Exercise prompt>
Note how many lines in the entries contain the string "Cover", then give that number and nothing else.

Stored data>
__________
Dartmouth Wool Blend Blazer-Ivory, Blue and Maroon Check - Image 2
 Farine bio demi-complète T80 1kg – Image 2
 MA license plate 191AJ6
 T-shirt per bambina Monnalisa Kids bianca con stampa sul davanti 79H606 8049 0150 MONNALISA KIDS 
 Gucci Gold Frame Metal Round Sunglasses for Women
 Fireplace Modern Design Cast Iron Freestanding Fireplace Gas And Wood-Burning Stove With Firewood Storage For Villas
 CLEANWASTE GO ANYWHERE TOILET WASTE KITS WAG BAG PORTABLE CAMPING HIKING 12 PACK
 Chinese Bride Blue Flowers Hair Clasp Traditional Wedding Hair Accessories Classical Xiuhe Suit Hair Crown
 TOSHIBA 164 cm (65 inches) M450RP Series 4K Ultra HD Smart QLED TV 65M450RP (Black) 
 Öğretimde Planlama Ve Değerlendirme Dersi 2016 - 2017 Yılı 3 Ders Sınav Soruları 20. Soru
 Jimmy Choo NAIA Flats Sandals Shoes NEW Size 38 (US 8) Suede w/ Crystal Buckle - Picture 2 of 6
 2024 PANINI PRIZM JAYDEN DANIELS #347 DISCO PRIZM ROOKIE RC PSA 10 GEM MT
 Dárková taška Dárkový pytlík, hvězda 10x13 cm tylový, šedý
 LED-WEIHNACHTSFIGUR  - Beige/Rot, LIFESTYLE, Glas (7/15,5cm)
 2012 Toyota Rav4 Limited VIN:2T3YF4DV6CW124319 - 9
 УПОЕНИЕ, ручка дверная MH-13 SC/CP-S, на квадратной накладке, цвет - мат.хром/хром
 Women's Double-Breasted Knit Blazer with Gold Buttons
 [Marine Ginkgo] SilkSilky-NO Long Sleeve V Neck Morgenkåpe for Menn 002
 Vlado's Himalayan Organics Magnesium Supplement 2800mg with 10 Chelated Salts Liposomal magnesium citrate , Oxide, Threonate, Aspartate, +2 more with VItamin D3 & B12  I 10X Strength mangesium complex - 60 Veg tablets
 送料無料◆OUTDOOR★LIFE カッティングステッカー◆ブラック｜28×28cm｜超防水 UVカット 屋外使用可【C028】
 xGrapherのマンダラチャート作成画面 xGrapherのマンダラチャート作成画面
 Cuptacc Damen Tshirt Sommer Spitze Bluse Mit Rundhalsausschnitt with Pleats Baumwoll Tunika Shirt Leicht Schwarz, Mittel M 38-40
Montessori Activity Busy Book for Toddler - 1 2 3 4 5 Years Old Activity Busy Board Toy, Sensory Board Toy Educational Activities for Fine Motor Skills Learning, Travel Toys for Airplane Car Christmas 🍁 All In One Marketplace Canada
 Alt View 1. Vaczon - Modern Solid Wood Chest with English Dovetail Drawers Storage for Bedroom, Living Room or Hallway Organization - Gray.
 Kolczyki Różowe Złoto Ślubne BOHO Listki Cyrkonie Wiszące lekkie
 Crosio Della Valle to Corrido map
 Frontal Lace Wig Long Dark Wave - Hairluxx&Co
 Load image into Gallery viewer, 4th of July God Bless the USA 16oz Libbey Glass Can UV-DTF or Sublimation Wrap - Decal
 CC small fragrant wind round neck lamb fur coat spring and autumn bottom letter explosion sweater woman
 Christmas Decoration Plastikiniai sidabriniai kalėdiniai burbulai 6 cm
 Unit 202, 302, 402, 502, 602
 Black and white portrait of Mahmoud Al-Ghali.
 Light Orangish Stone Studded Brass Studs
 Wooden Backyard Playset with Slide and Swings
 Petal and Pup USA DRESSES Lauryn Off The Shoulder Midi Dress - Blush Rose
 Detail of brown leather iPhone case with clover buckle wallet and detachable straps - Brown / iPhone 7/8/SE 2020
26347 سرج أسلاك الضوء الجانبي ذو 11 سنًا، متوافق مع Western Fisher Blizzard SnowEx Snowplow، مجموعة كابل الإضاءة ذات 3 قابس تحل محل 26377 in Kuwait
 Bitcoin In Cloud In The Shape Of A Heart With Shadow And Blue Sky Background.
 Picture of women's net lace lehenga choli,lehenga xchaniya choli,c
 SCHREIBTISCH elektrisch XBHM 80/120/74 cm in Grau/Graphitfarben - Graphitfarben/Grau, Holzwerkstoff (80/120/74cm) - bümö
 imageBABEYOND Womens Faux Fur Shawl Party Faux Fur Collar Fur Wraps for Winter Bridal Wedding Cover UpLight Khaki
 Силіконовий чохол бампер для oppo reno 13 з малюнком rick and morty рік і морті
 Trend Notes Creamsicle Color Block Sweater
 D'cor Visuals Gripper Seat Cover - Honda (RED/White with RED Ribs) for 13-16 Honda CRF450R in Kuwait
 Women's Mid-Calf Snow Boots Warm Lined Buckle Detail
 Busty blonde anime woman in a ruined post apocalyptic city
__________
Problem solution>
2